Raw data:
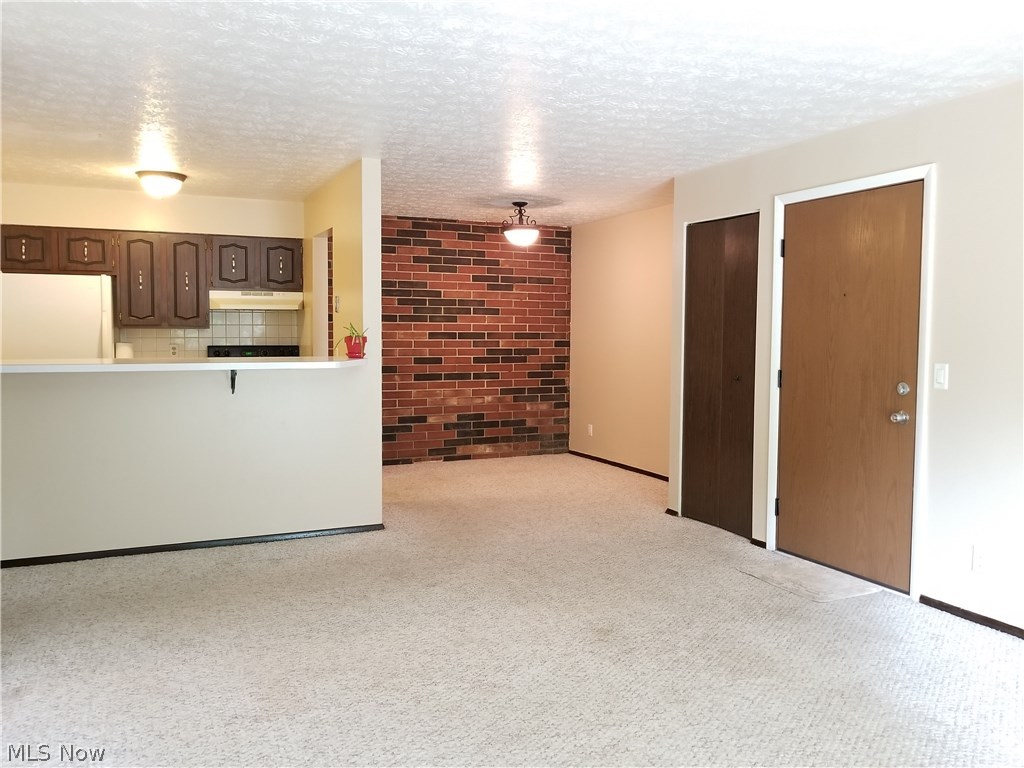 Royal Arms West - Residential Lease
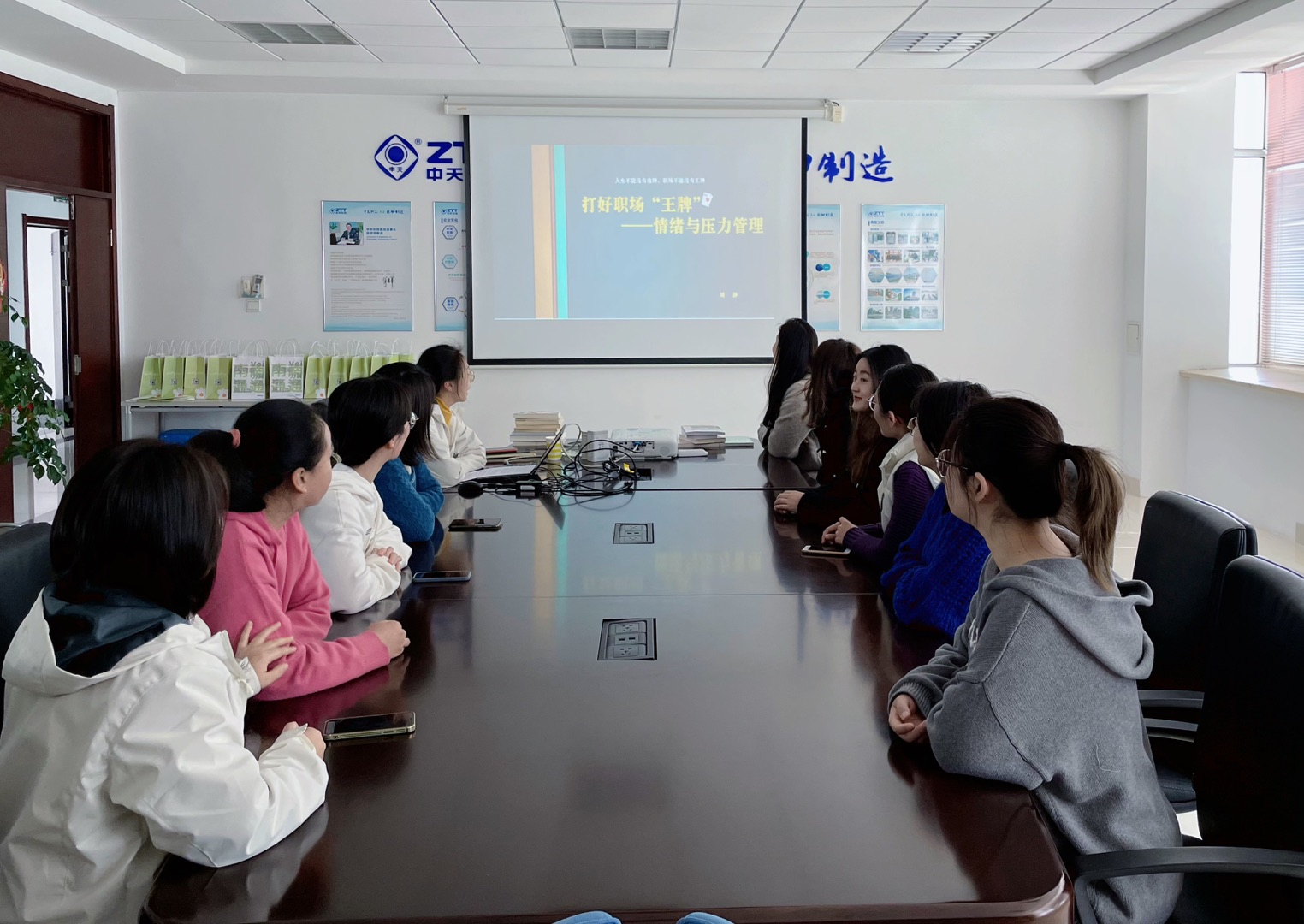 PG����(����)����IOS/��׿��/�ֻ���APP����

---

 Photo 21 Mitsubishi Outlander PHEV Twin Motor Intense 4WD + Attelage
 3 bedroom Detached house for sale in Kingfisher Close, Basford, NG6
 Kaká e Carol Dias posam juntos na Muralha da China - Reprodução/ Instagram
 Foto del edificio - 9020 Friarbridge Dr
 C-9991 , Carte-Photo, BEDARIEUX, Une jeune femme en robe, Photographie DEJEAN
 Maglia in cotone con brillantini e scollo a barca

What needs to be done: Transcribe the records above exactly, beginning at the line that contains "C-9991 , Carte-Photo, BEDARIEUX, Une" and ending with the line that contains "Maglia in cotone", both included, and nothing else.

Answer box:
 C-9991 , Carte-Photo, BEDARIEUX, Une jeune femme en robe, Photographie DEJEAN
 Maglia in cotone con brillantini e scollo a barca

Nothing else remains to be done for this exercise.